RECORDS TO PROCESS:
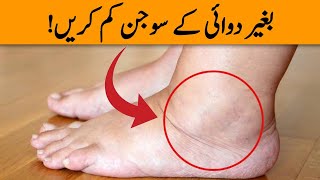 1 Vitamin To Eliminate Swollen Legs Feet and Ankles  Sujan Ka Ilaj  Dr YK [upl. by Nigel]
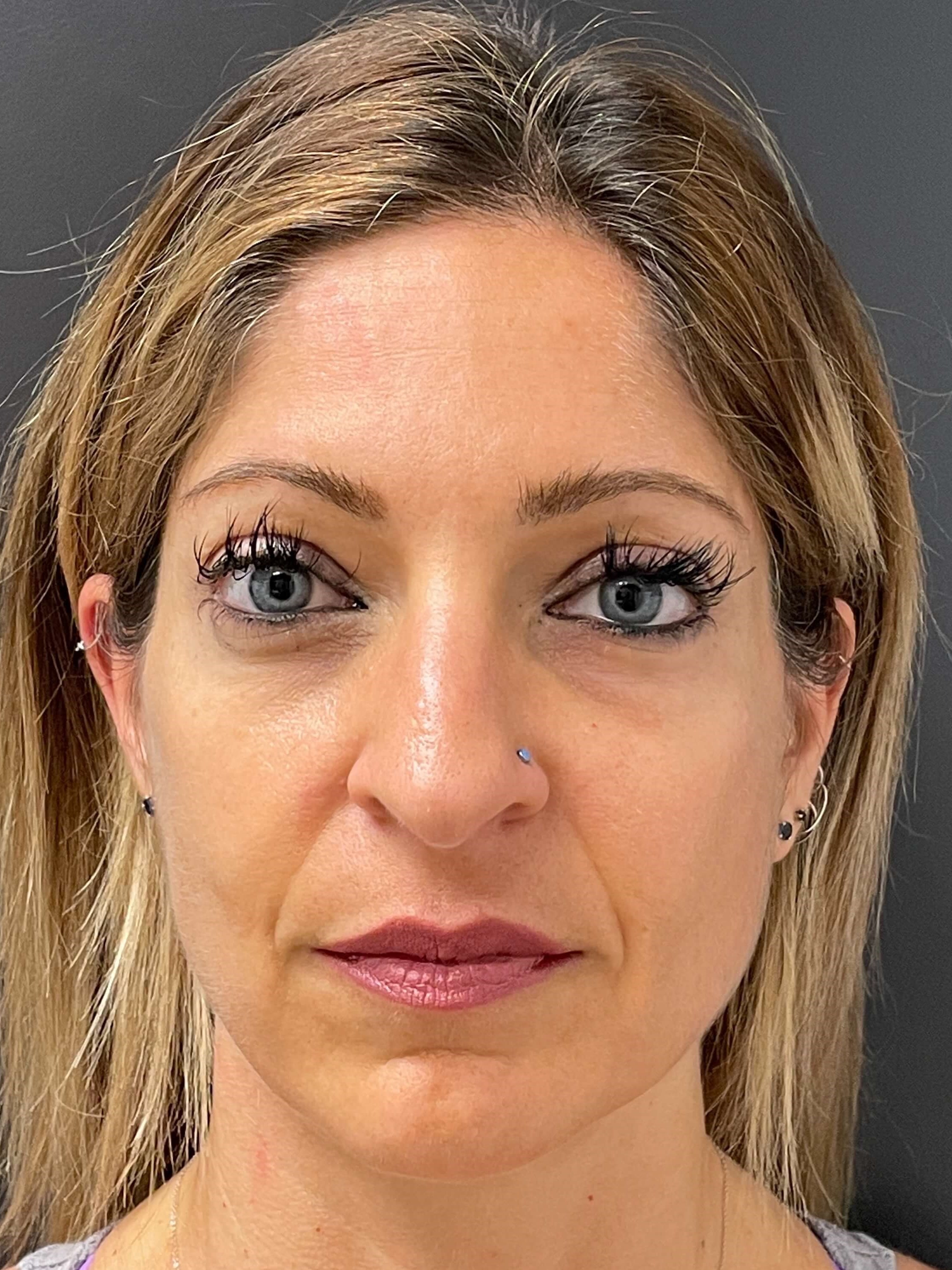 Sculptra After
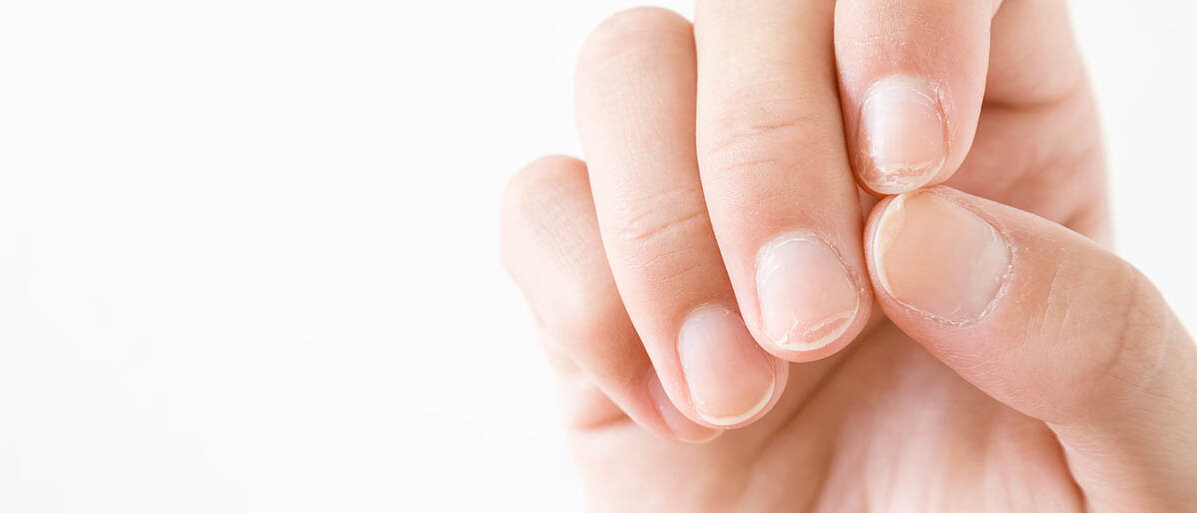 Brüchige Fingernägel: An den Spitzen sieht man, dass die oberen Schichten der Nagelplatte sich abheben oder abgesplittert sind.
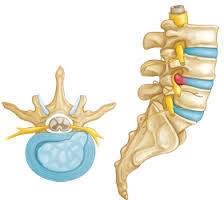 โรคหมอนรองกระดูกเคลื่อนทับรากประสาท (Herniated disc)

* * *

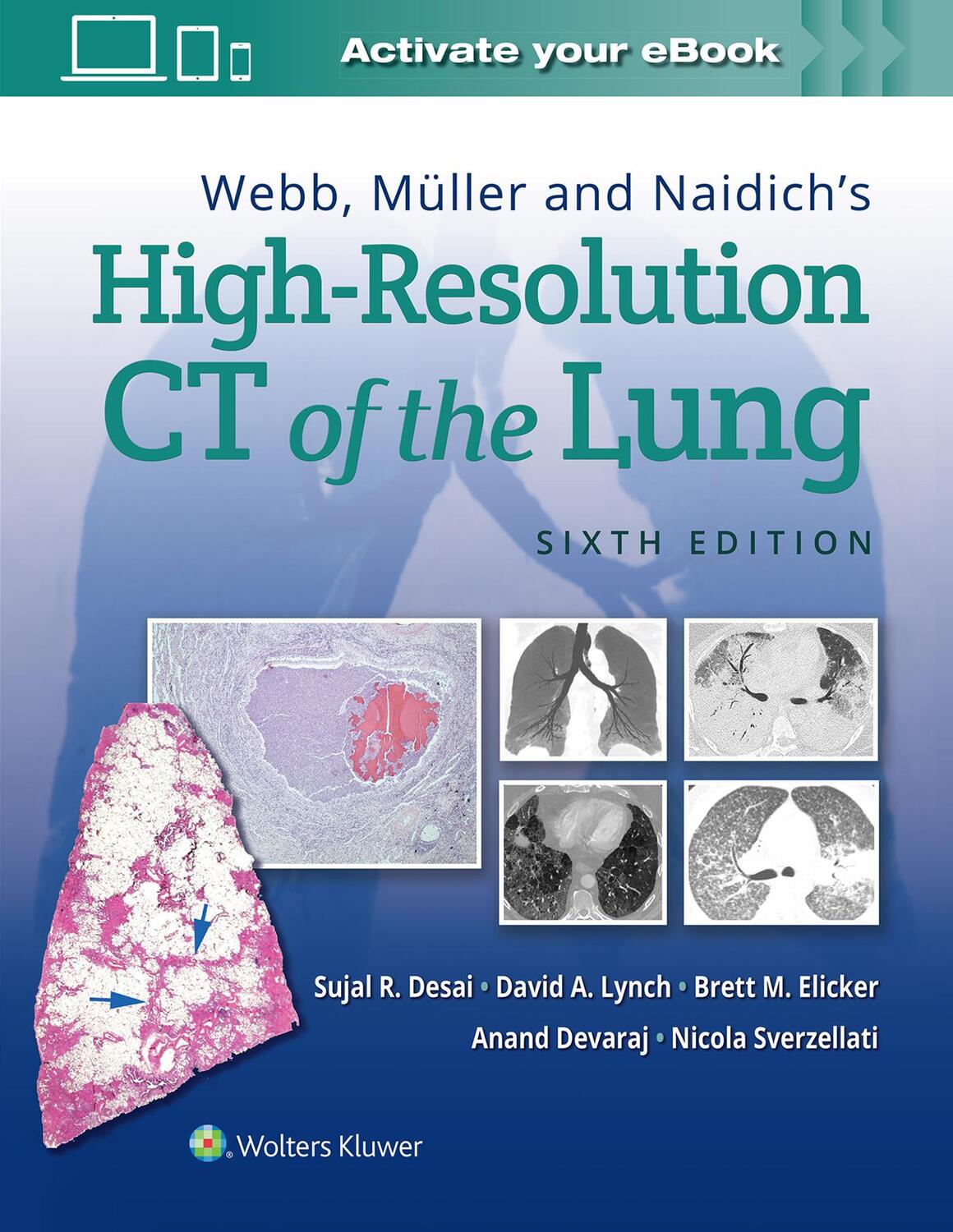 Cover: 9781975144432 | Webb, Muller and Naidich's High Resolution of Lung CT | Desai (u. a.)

EXERCISE: Using the material above, reproduce only the lines that run from the line with "1 Vitamin To" up to and including the line with "โรคหมอนรองกระดูกเคลื่อนทับรากประสาท (Herniated disc)", exactly, with the pictures dropped.

PROBLEM SOLUTION:
 1 Vitamin To Eliminate Swollen Legs Feet and Ankles  Sujan Ka Ilaj  Dr YK [upl. by Nigel]
 Sculptra After
 Brüchige Fingernägel: An den Spitzen sieht man, dass die oberen Schichten der Nagelplatte sich abheben oder abgesplittert sind.
 โรคหมอนรองกระดูกเคลื่อนทับรากประสาท (Herniated disc)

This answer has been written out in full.